Try it -
Return the data below exactly, but only from the line containing "Nowe: Stół rozkładany" through the line containing "Womens Alphabet Fringe", with both of those lines included.

Data to examine -
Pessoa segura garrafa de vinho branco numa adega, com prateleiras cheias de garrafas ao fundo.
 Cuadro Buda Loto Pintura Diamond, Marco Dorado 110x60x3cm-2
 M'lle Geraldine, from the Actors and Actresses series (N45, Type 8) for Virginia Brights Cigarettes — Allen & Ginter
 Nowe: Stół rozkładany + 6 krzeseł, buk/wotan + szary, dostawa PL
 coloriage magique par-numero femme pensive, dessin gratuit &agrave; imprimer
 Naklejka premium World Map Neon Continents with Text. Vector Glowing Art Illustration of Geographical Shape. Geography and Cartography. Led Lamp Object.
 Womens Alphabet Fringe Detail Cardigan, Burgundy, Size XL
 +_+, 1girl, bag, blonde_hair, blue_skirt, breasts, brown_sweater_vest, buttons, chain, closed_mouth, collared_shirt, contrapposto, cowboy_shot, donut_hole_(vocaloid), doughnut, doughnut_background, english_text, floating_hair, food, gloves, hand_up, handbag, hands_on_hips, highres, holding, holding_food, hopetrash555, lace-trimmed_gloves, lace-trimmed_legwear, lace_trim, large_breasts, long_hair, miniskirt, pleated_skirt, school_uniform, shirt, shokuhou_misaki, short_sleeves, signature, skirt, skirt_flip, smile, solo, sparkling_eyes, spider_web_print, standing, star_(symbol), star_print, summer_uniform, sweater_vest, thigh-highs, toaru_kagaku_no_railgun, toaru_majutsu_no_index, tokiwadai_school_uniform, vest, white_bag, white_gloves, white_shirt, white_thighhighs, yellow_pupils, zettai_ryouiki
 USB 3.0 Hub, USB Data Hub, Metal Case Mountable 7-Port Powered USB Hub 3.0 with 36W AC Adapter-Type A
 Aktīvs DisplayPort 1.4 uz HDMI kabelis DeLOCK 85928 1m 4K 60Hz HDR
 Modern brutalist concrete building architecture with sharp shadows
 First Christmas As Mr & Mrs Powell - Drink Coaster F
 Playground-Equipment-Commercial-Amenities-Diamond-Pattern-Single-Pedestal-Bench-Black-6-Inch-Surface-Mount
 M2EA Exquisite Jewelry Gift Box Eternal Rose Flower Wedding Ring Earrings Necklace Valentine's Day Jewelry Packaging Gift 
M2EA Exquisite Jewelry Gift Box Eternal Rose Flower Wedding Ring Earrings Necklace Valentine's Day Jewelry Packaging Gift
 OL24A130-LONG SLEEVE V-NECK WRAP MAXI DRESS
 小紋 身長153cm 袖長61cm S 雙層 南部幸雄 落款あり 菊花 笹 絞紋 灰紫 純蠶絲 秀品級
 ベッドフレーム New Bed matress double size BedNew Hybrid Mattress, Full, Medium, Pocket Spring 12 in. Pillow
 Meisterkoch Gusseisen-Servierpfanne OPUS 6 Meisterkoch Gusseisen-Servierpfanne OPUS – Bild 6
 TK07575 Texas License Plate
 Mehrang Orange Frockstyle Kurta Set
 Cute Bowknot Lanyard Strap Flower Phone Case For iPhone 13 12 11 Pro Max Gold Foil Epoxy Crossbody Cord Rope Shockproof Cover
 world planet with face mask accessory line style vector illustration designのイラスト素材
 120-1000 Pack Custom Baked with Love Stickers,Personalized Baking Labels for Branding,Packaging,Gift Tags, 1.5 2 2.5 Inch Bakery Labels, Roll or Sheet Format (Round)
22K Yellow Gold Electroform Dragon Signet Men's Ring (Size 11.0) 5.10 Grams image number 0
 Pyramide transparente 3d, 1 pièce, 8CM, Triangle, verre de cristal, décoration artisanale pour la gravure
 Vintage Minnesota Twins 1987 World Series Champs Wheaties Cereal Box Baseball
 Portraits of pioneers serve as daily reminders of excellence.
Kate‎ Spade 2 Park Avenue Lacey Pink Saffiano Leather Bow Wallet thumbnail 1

Task output -
 Nowe: Stół rozkładany + 6 krzeseł, buk/wotan + szary, dostawa PL
 coloriage magique par-numero femme pensive, dessin gratuit &agrave; imprimer
 Naklejka premium World Map Neon Continents with Text. Vector Glowing Art Illustration of Geographical Shape. Geography and Cartography. Led Lamp Object.
 Womens Alphabet Fringe Detail Cardigan, Burgundy, Size XL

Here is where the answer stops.